Gabon Spécial Economic Zone (GSEZ) et le gouvernement ont procédé mercredi aux lancement officiel du programme de formation exclusive de femmes aux métiers de conducteurs d’engins et de chauffeurs de poids lourds.

Pour le lancement de ce programme, c’est une première vague de 50 femmes qui bénéficieront d’une formation qualifiante gracieusement offerte par Gabon Spécial Economic Zone (GSEZ) et son partenaire CDC.

« Nous sommes tous réunis aujourd’hui autour de 50 femmes, 50 femmes que nous avons vues déterminées, ambitieuses, curieuses, mais surtout parées à relever un défi pas comme les autres : celui de probablement porter les galons du métier de Conductrice d’engins ou de Conducteurs de Poids Lourds », a déclaré Amandine Ogouebandja, représentant GSEZ.

Partenaire du gouvernement dans le développement du Gabon, GSEZ à travers cette action GSEZ poursuit son action dans la recherche d’un meilleur être pour la femme gabonaise.

C’est d’ailleurs le premier ministre, Julien Nkoghe Bekalé qui a procédé à la remise symbolique des kits de formation aux bénéficiaires.
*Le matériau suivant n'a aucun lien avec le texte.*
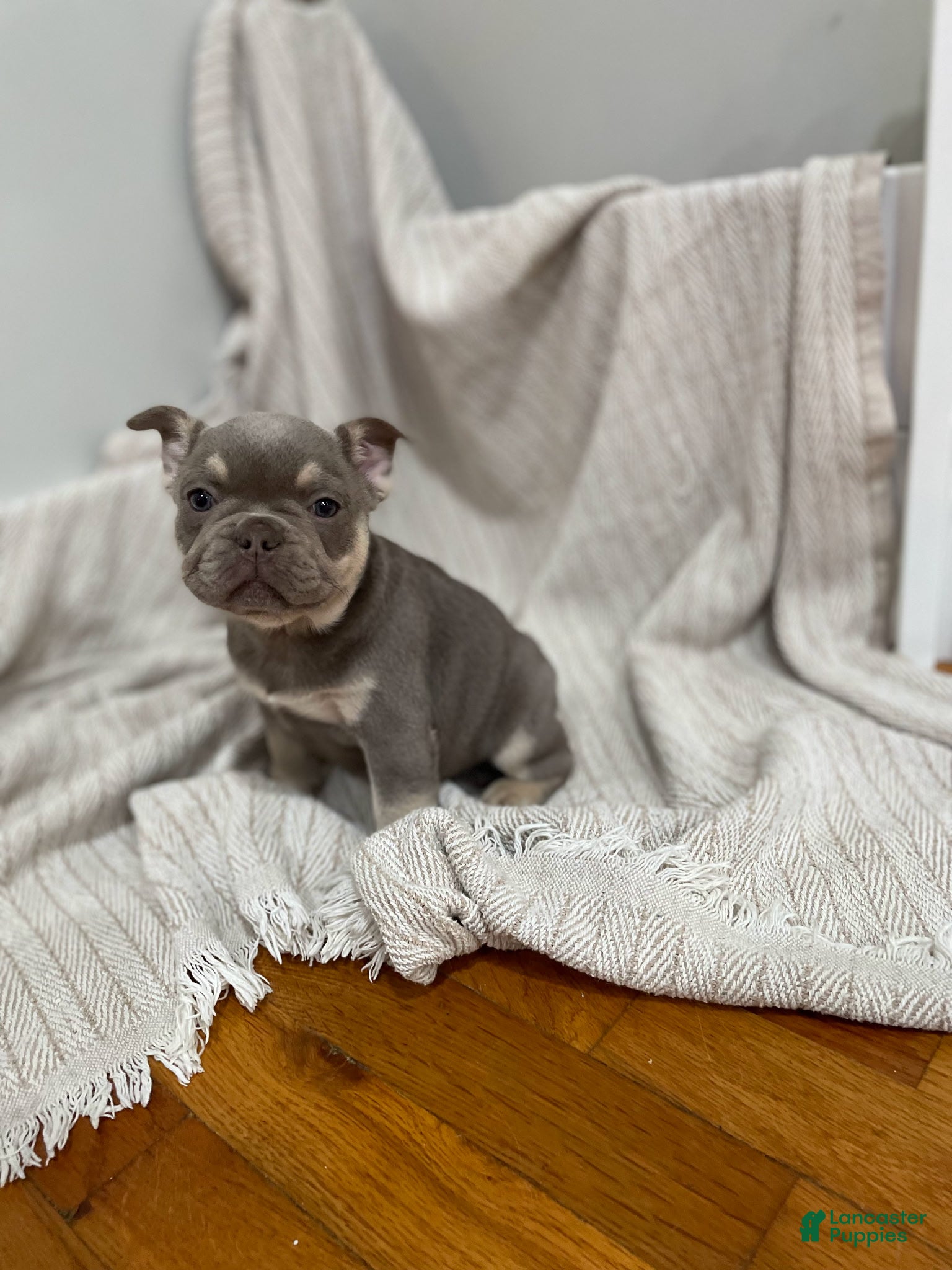 French Bulldog dogs Pluto - Ad 1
Tout en saluant l’initiative du groupe GSEZ, la ministre de la Promotion de la femme, Prisca Koho a encouragé les femmes a donné le meilleur d’elles lors de cette formation. De même qu’elle a souhaité que GSEZ ne s’arrête pas en si bon chemin.

« Monsieur le Directeur Général, 50 permis poids lourds, c’est 50 emplois potentiels, c’est 50 familles prises en charge et, sans nul doute, plus de 50 enfants soutenus. Mais il faut aller plus loin, il faut aller plus loin dans cet accompagnement des femmes pour l’autonomisation et l’amélioration de leur conditions de vie », a-t-elle dit.

Pensé pour faire de la femme gabonaise un moteur indispensable de l’économie nationale, le projet Com’Elles s’explique à travers une terminologie précise :  C pour Conductrices, O pour Opératrices, M pour Machines et enfin, le pronom, « Elles », pour rehausser le caractère exclusivement féminin de cette formation.